Material provided -
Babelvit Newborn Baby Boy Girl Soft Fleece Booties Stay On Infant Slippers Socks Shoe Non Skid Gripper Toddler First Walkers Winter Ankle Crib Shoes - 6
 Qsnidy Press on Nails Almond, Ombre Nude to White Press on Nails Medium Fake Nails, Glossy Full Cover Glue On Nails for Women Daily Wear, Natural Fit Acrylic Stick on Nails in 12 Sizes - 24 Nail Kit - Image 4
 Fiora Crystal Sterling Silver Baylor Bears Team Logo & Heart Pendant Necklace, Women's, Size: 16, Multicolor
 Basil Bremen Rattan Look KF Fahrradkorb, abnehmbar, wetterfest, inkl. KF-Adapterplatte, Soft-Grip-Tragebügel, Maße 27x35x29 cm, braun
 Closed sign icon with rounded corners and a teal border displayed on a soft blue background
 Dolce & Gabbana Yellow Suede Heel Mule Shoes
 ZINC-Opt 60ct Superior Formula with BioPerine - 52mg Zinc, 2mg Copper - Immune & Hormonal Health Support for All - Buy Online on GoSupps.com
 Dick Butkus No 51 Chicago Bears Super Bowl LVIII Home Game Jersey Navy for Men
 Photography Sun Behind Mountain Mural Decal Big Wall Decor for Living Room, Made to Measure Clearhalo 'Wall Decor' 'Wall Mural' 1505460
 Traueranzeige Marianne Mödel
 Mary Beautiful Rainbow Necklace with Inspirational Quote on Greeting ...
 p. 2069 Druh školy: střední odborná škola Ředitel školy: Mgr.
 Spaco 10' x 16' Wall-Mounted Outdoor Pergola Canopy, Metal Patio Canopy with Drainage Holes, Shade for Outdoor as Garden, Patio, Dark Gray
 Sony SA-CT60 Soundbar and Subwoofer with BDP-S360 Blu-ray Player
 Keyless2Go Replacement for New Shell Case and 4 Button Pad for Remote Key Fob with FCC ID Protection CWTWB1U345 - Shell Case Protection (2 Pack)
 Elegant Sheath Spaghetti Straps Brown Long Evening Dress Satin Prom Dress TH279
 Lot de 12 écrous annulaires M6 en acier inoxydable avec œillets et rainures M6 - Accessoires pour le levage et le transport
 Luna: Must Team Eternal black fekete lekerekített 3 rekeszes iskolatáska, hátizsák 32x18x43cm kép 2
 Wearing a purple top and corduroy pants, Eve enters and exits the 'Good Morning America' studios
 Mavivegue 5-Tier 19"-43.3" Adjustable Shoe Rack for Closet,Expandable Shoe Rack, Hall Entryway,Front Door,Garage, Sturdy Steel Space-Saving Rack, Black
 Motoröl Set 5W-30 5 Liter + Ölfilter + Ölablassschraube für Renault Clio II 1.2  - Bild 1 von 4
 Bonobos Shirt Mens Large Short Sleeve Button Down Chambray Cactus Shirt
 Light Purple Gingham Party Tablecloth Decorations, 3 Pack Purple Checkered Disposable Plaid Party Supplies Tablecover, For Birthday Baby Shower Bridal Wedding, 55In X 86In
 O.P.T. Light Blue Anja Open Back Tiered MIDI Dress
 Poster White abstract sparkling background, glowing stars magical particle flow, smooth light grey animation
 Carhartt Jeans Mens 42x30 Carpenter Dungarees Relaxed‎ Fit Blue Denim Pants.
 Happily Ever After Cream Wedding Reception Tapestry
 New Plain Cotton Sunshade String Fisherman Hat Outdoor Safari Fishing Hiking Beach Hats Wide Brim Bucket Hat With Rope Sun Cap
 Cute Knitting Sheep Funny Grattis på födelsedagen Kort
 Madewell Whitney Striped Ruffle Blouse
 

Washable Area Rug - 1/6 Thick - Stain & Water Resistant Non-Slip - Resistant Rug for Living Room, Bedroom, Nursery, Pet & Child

How to complete this task -
Every line above from the line with "Mary Beautiful Rainbow" to the line with "Bonobos Shirt Mens", both included, must be reproduced exactly, and no other line may appear.

Answer box -
 Mary Beautiful Rainbow Necklace with Inspirational Quote on Greeting ...
 p. 2069 Druh školy: střední odborná škola Ředitel školy: Mgr.
 Spaco 10' x 16' Wall-Mounted Outdoor Pergola Canopy, Metal Patio Canopy with Drainage Holes, Shade for Outdoor as Garden, Patio, Dark Gray
 Sony SA-CT60 Soundbar and Subwoofer with BDP-S360 Blu-ray Player
 Keyless2Go Replacement for New Shell Case and 4 Button Pad for Remote Key Fob with FCC ID Protection CWTWB1U345 - Shell Case Protection (2 Pack)
 Elegant Sheath Spaghetti Straps Brown Long Evening Dress Satin Prom Dress TH279
 Lot de 12 écrous annulaires M6 en acier inoxydable avec œillets et rainures M6 - Accessoires pour le levage et le transport
 Luna: Must Team Eternal black fekete lekerekített 3 rekeszes iskolatáska, hátizsák 32x18x43cm kép 2
 Wearing a purple top and corduroy pants, Eve enters and exits the 'Good Morning America' studios
 Mavivegue 5-Tier 19"-43.3" Adjustable Shoe Rack for Closet,Expandable Shoe Rack, Hall Entryway,Front Door,Garage, Sturdy Steel Space-Saving Rack, Black
 Motoröl Set 5W-30 5 Liter + Ölfilter + Ölablassschraube für Renault Clio II 1.2  - Bild 1 von 4
 Bonobos Shirt Mens Large Short Sleeve Button Down Chambray Cactus Shirt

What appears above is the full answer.